Nothing in common with Nvidia last 0.5 GB VRAM speed affair.Nvidia problem is mainly a hardware thing.
Basically is like you said, since Crimson drivers (November 2015) AMD introduced a more aggresive AND MANDATORY power saving behavior who downclocks GPU at any moment to save power at performance cost.
The only solution right is force GPU clocks and timings via 3rd party tools like ClockBlocker (!) and or AfterBurner.
Did AMD tell people they were doing that ? Cause thats not done by accident.
It's a bug effecting some user configuration nothing more.. Not all users are effected, so therefore it wasn't amd intension for this.
It's not a bug, it works perfectly for his intended purpose: FORCE power saving at any cost (performance).
Ofc it doesn't affect all user setups, only the users who play games and playback multimedia content are affected.
Users who only use desktop 2D softwares like office or software who only requieres high CPU usage are not affected, the usual lower 2D power state of GPU clocks and voltage is fine for them.
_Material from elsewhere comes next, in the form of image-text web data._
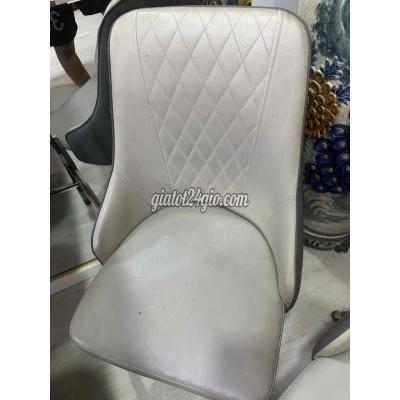 bàn ghế - quận 7 - hồ chí minh | Ghế bàn ăn Da Trắng, Xám đã sử ...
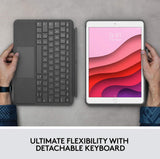 Logitech Combo Touch for iPad (7th, 8th and 9th Generation) Keyboard c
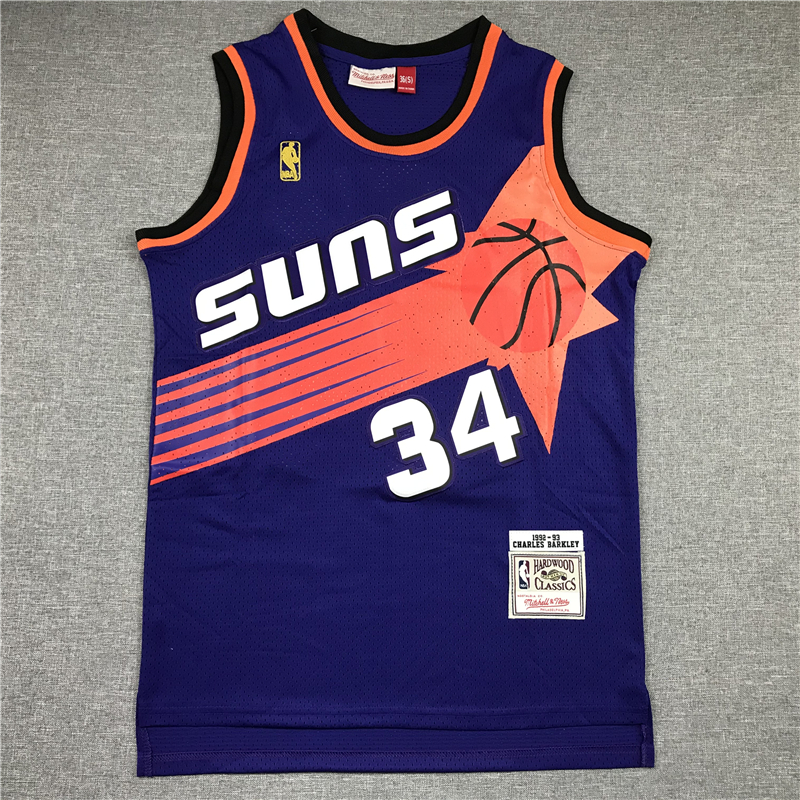 Men's Phoenix Suns Charles Barkley #34 Purple 1992-93 Swingman Jersey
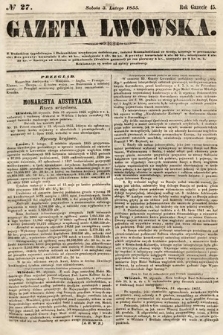 Gazeta Lwowska. 1855, nr 27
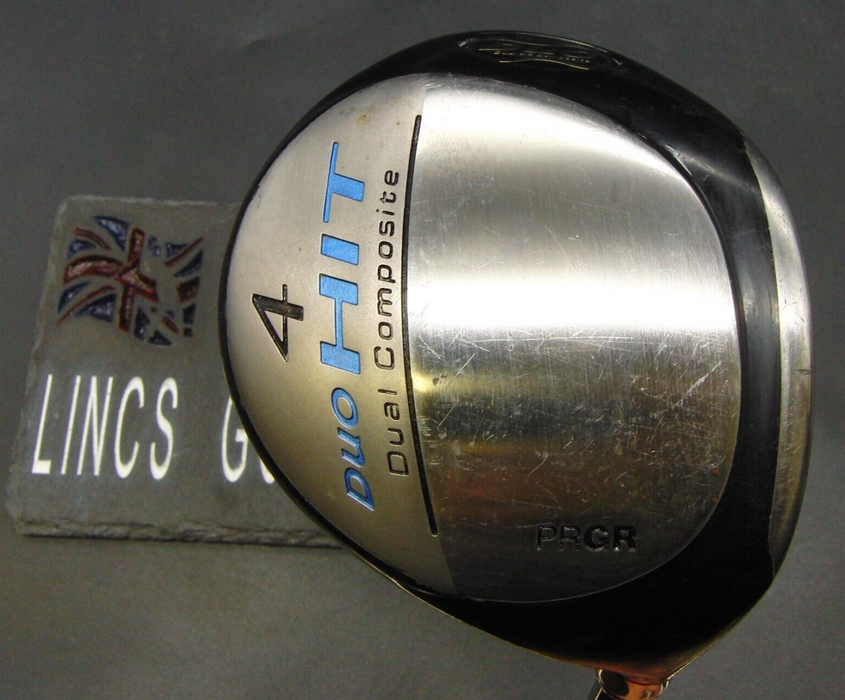 Ladies PRGR Duo Hit 4 Wood Ladies Graphite Shaft PRGR Grip With Head Cover
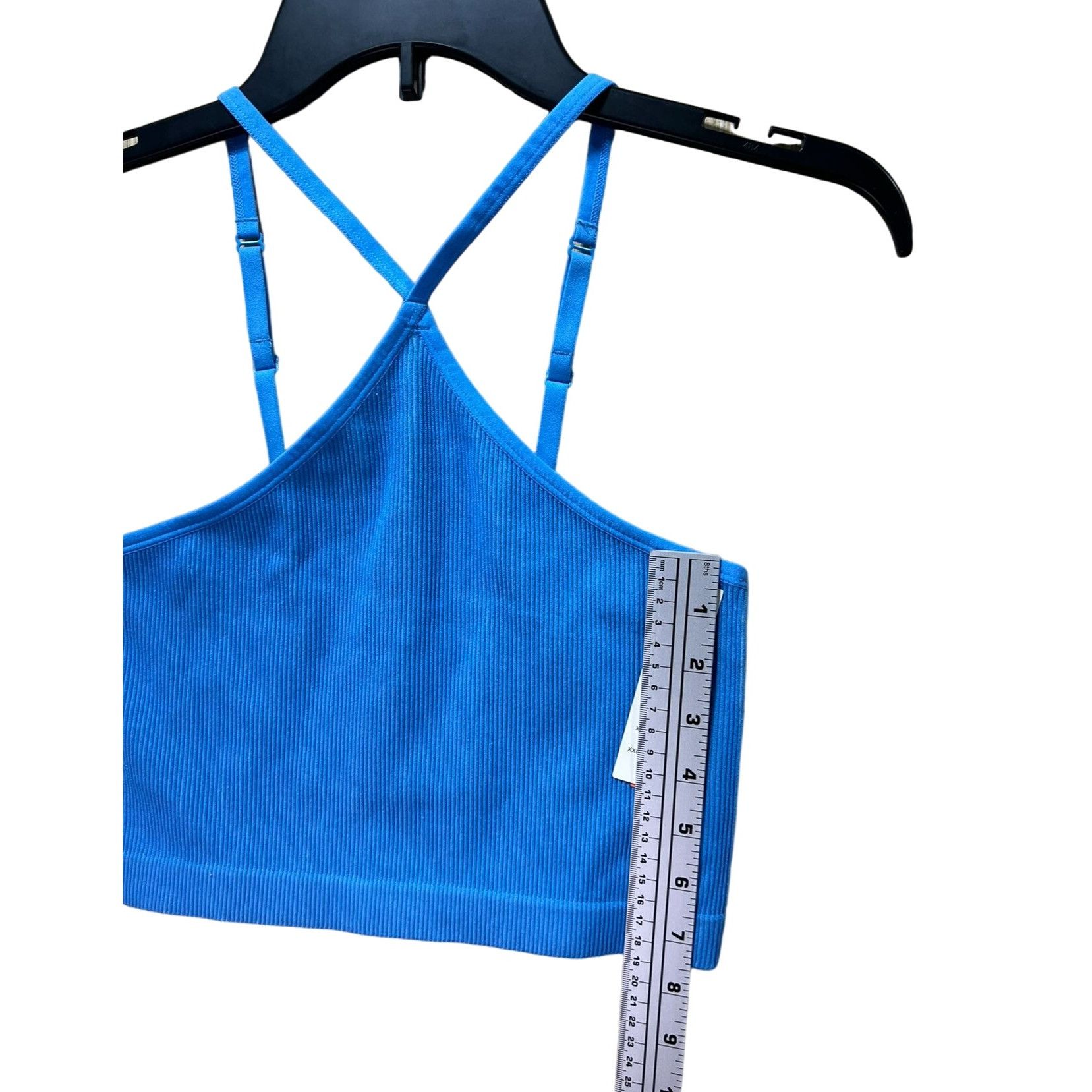 Other Colsie - Women's tank top Square Back Seamless Ribbed Halter Size M / US 6-8 / IT 42-44 - 8 Thumbnail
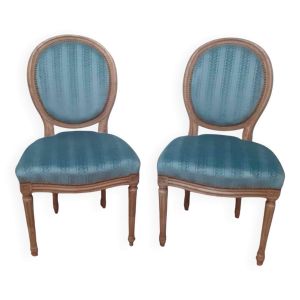 Chaise médaillon style Louis XVI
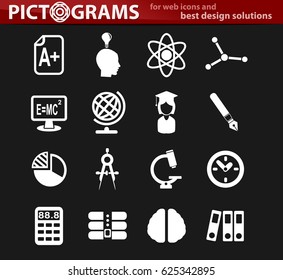 university vector icons for user interface design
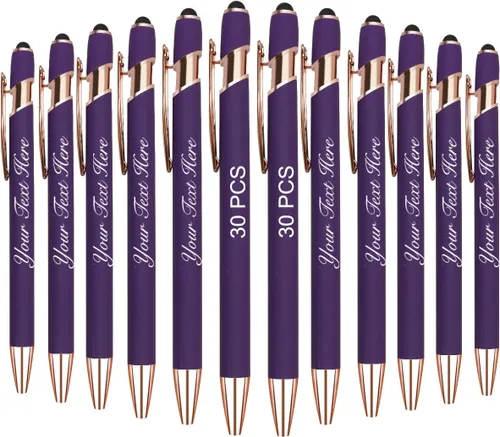 Miniatura 28 de 10 bolígrafos personalizados con nombre y texto para mujeres y hombres, bolígrafos personalizados con grabado gratis, regalos para negocios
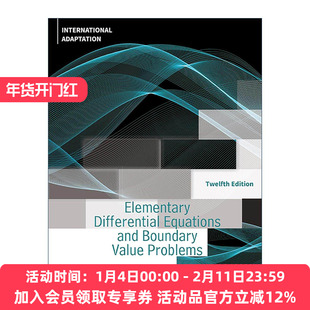 英文原版 Elementary Differential Equations and Boundary Value Problems 常微分方程与边值问题基础 第12版 英文版 进口英语原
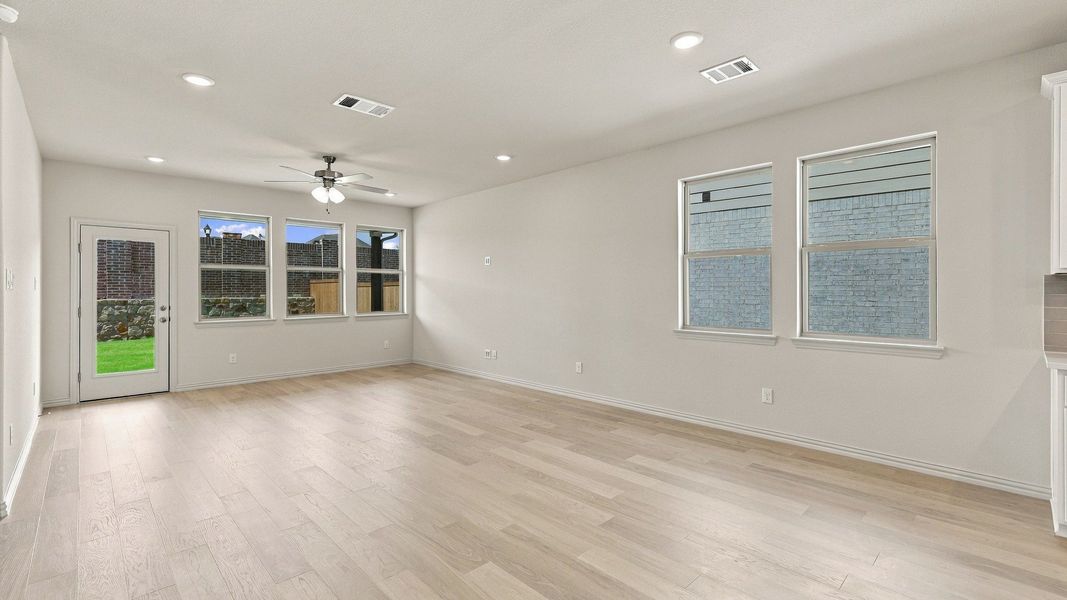 Furnished interior view inside a new home in Westridge Journey, McKinney (Image 8).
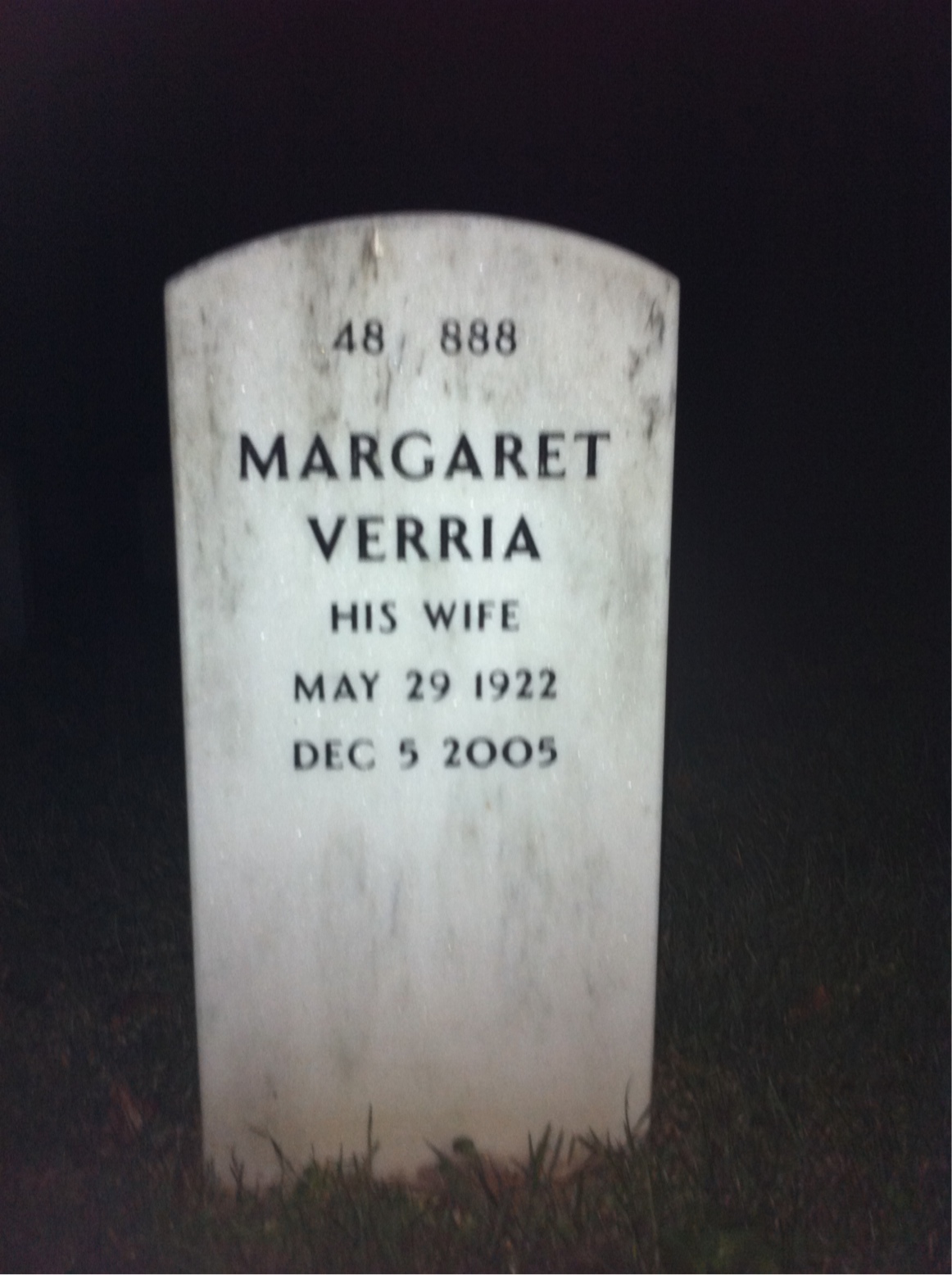 Back of headstone — Donald Gilman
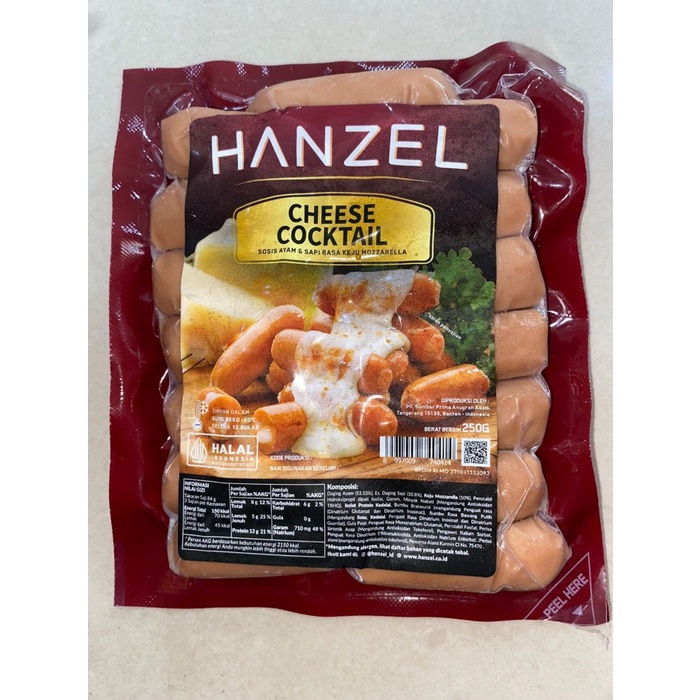Sosis Beef Hanzel Cheese Cocktail 250 gr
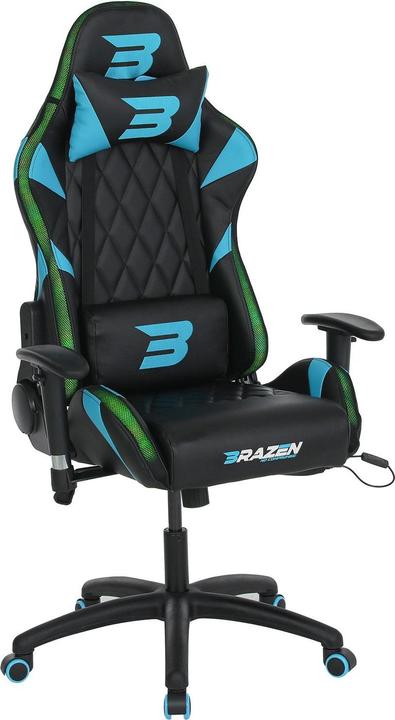 Brazen Gaming Chairs Brazen Venom Esports Elite Chair Blue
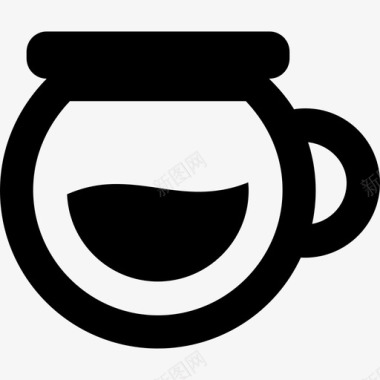 咖啡壶网络酒店图标图标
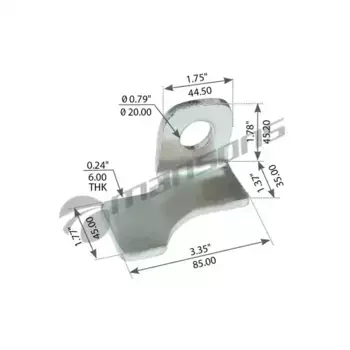 кронштейн полурессоры! (м) внутренний, под сайлентблок (уголок)\ FRL 360.009 MANSONS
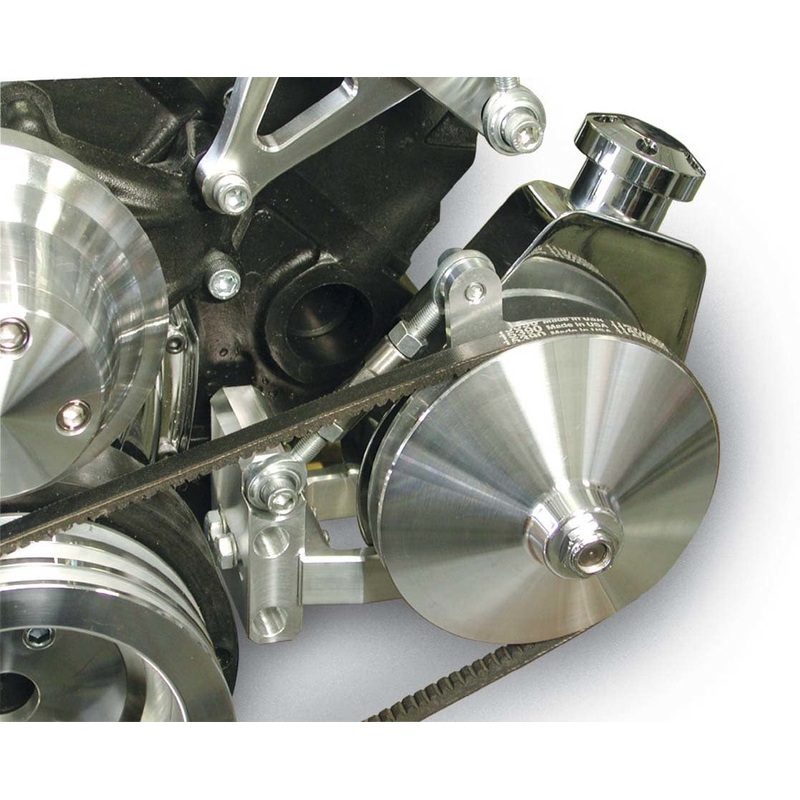 March Performance Power Steering Pump Bracket 66-77 Saginaw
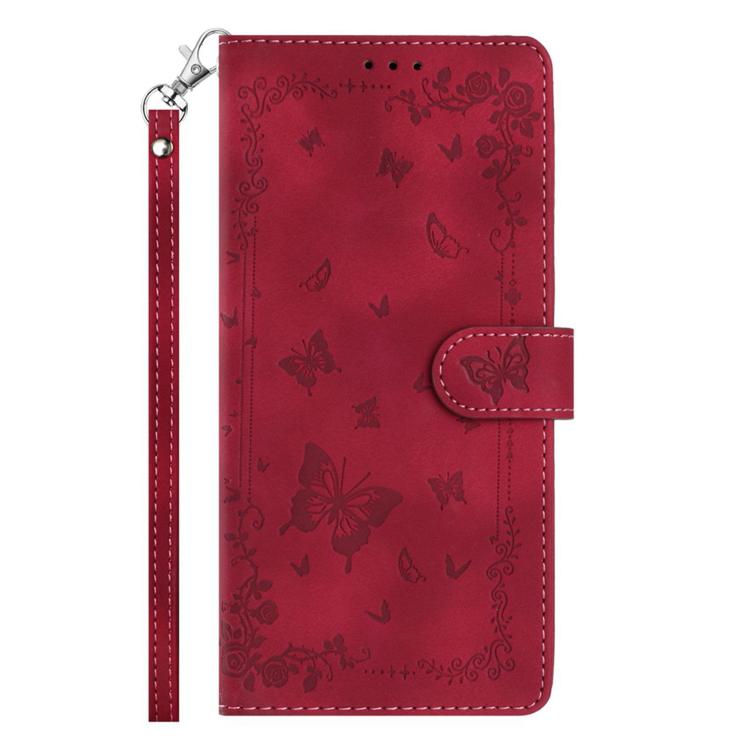 For Honor 300 Secret Garden Butterfly Pattern Leather Phone Case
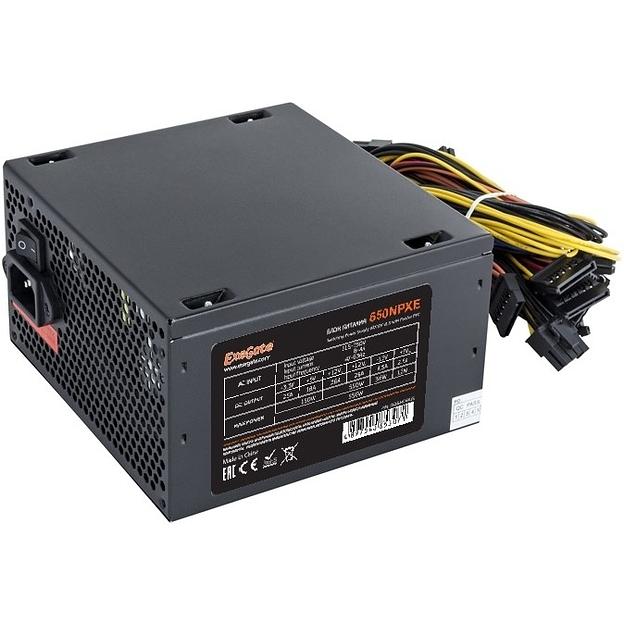 Exegate EX292176RUS-S Блок питания 750W ExeGate 750NPXE (ATX, PPFC, SC, 12cm fan, 24pin, 2x(4+4)pin, 2xPCI-E, 5xSATA, 3xIDE, black, кабель 220V с защитой от выдергивания) фото 1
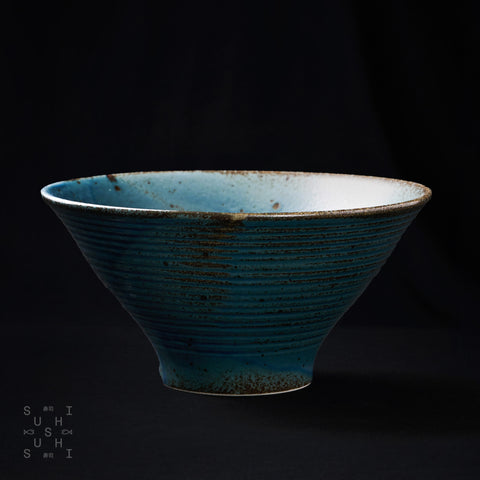 Showa Seito Blue Ramen Bowl 200mm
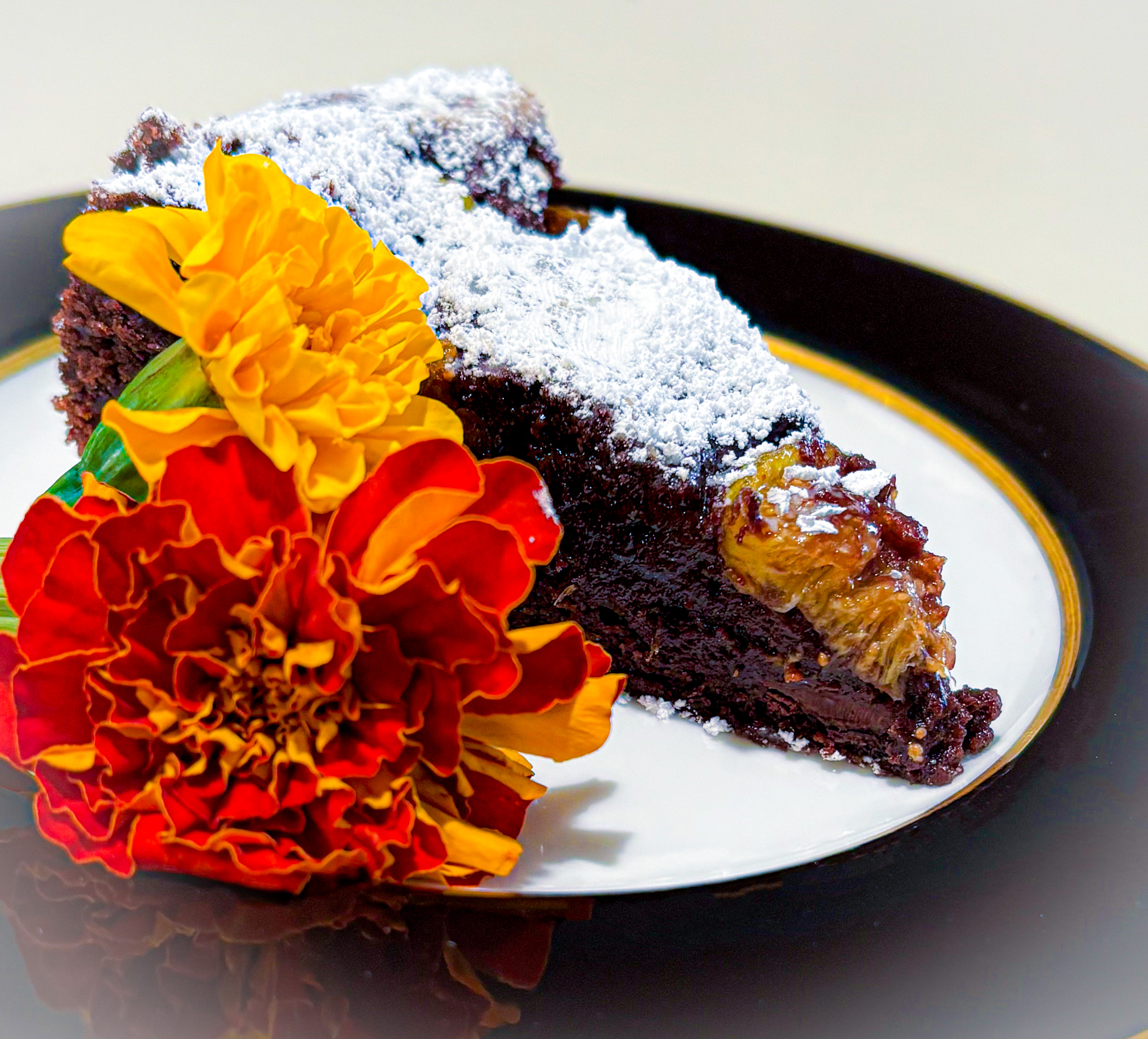 Soft Chocolate and Fig Cake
I have nothing against the power saving per se i only ask an option to avoid it when performance must be the furst priority if customer choose it.
I don't like to be FORCED to poer save at all cost without drivers option.
Out of the Friends I know running GPUs 7950, fury, furyx 290x and 290 non of us are effected by this.. I have asked them to show me there hwinfo64 results from playing a game all have rock solid core and memory clock.
It's a bug...
Yes it is, that's why it's in the known issues of our latest Crimson 16.2 release notes. We're going to fix it.
Known Issues
Core clocks may not maintain sustained clock speeds resulting in choppy performance and or screen corruption
I've posted this here before, but if anyone is experiencing clock fluctuation then you should be able to resolve the issue by using either Catalyst 15.7.1 WHQL or Catalyst 15.11.1 Beta as a temporary solution.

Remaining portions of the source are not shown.